As to Ray, McFarland alleges that she would have testified in his favor, recanting an earlier statement she had made to the police implicating him in the shooting. However, McFarland's claim that Ray would have testified in his favor is belied by the very affidavit Ray signed and which McFarland offered in support of his pro se motion for post conviction relief. The affidavit was signed on July 29, 2003, more than a year after McFarland's trial. And while it is true that Ray recanted her previous statement to the police in her affidavit, she also confirms that she refused to testify at his trial. In its decision affirming McFarland's conviction and the trial court's order denying his motion for post-conviction relief, the Wisconsin Court of Appeals recounted in more detail the State's effort to call Ray as a witness:

The State explained that Ray was in custody and had absolutely refused to testify in the case, even when she was offered immunity for any involvement in McNeal-Veasley's shooting. The prosecutor who interviewed Ray told the trial court, "She indicated . . . she was close to the defendant and she had great animosity towards the victim in the case. She would not testify under any circumstances."

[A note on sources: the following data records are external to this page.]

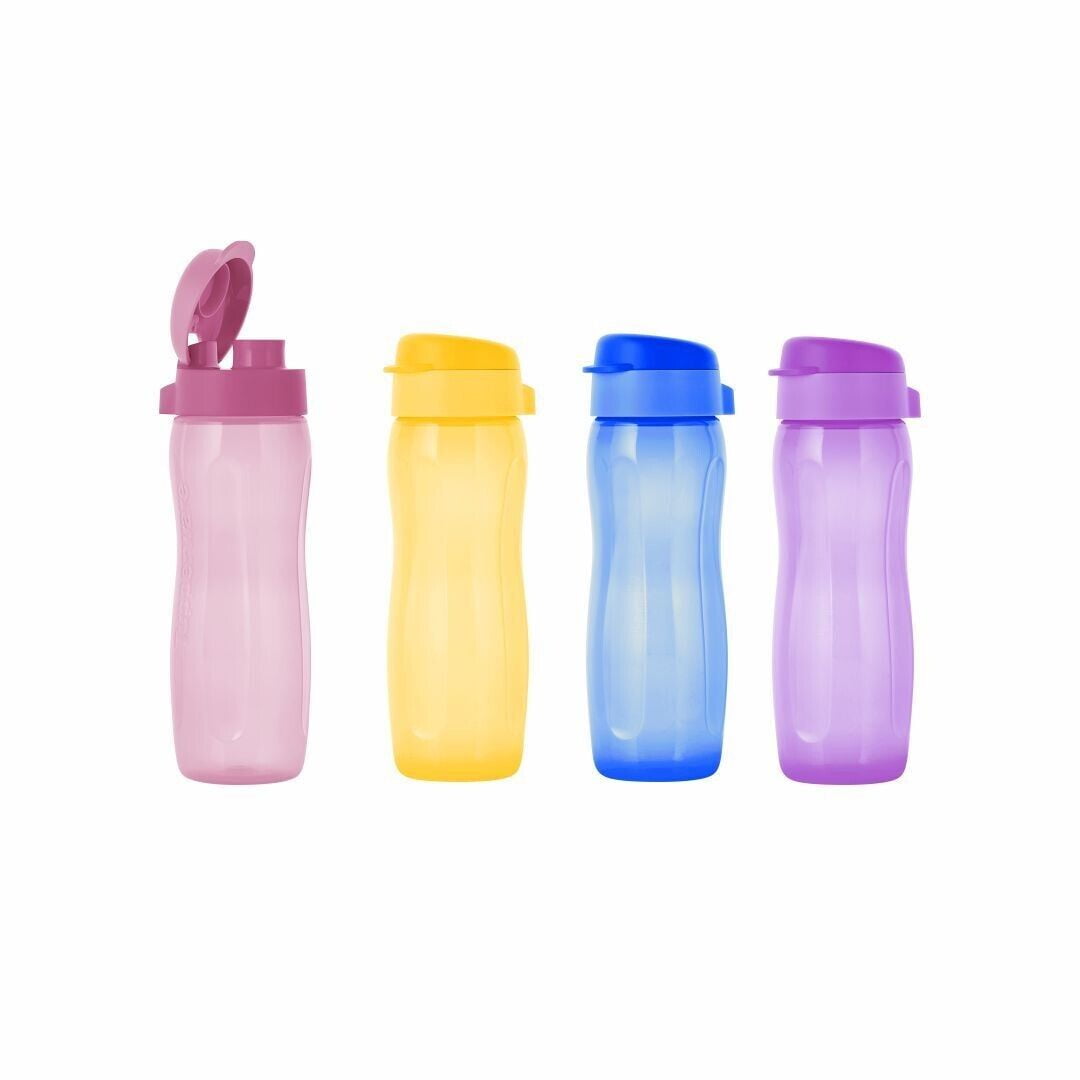 Tupperware 500 ML Aquaslim Multicolor Bottle Set Of 4 - Walmart.com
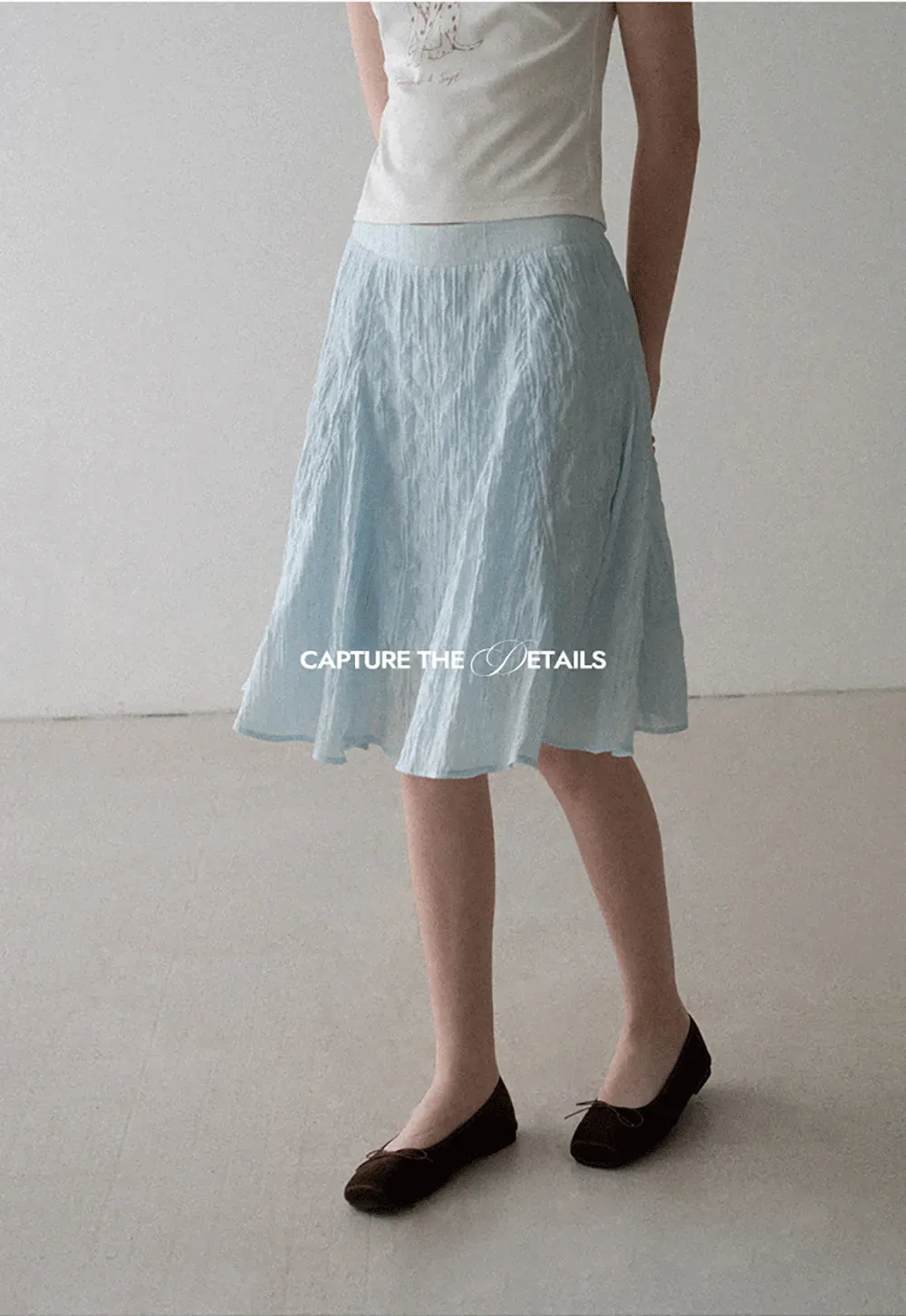 Crinkled Textured A Line Skirt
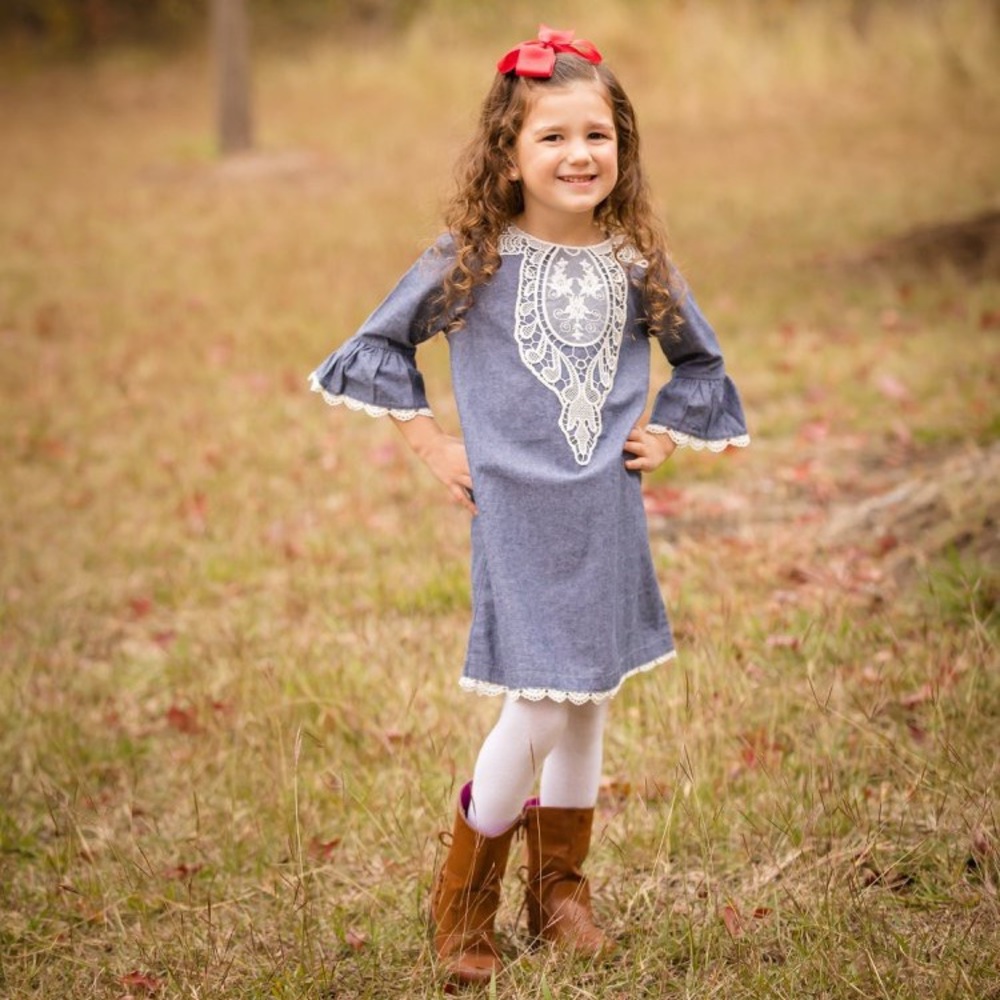 Chambray/lace dress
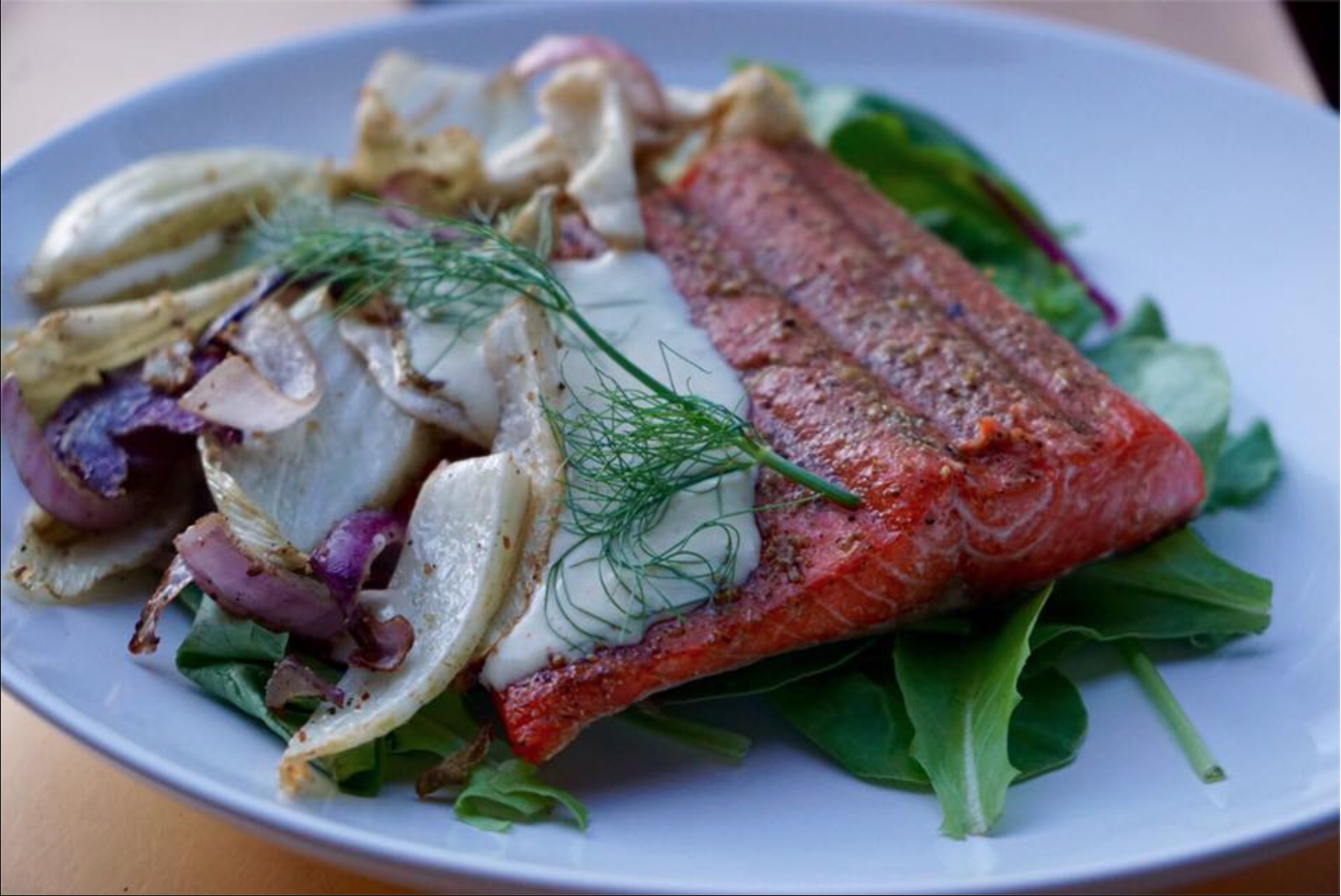 Fennel Crusted Sockeye with Grilled Salad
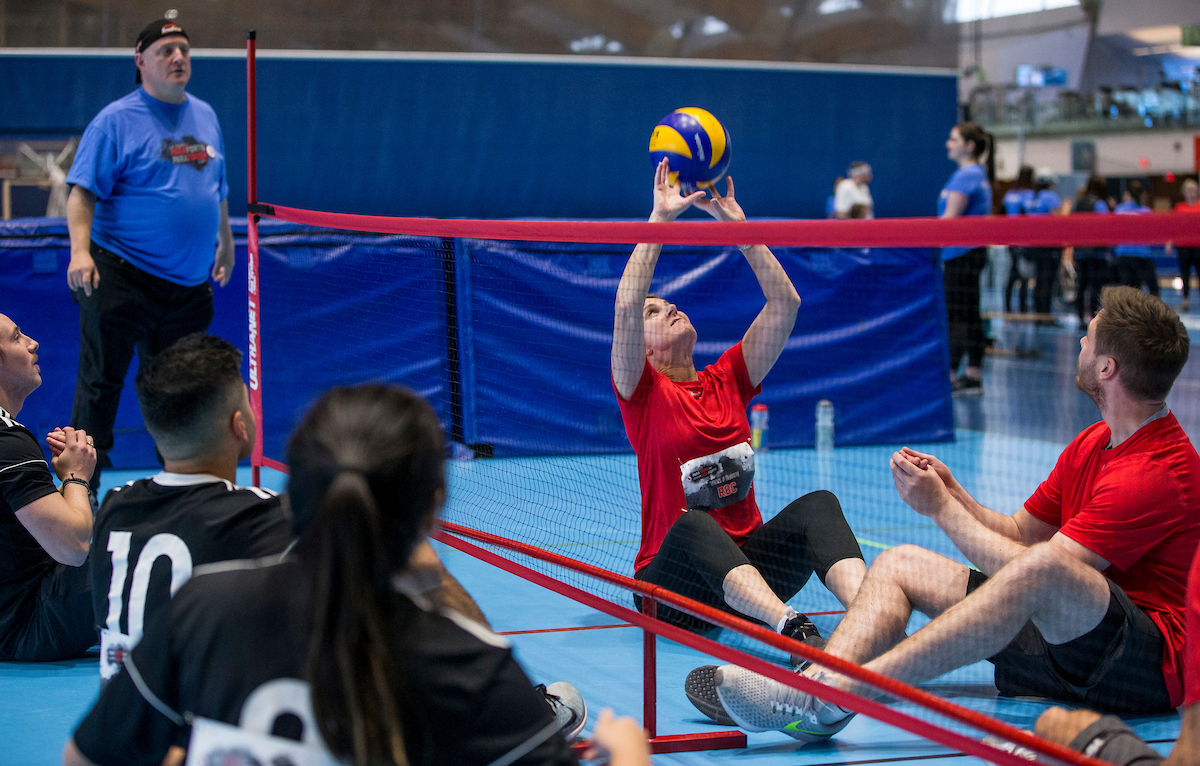 ParaTough Cup participants compete in sitting volleyball.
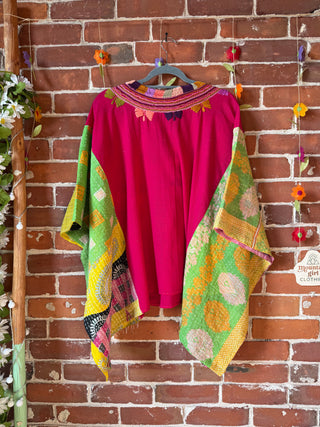OOAK Summer Collection- Upcycled Vintage Floral Embroidered Kantha Poncho Top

(Decision, R. 61, ¶ 34.) The State offered this explanation in support of its request that the court declare Ray unavailable and admit her Mirandized statement implicating McFarland. However, it later withdrew its request that Ray's statement be admitted and elected not to call her simply to have her refuse to answer questions. Based upon this record, which McFarland does not challenge, the Court of Appeals rejected McFarland's claim that his trial counsel was ineffective for failing to subpoena Ray to testify for the defense. Counsel was not ineffective the court concluded, "because there is no evidence Ray would have agreed to appear if subpoenaed by the defense." ( Id. ¶ 36.) Given Ray's absolute refusal to testify, the Court concluded a subpoena would have made no difference in the case. ( Id.)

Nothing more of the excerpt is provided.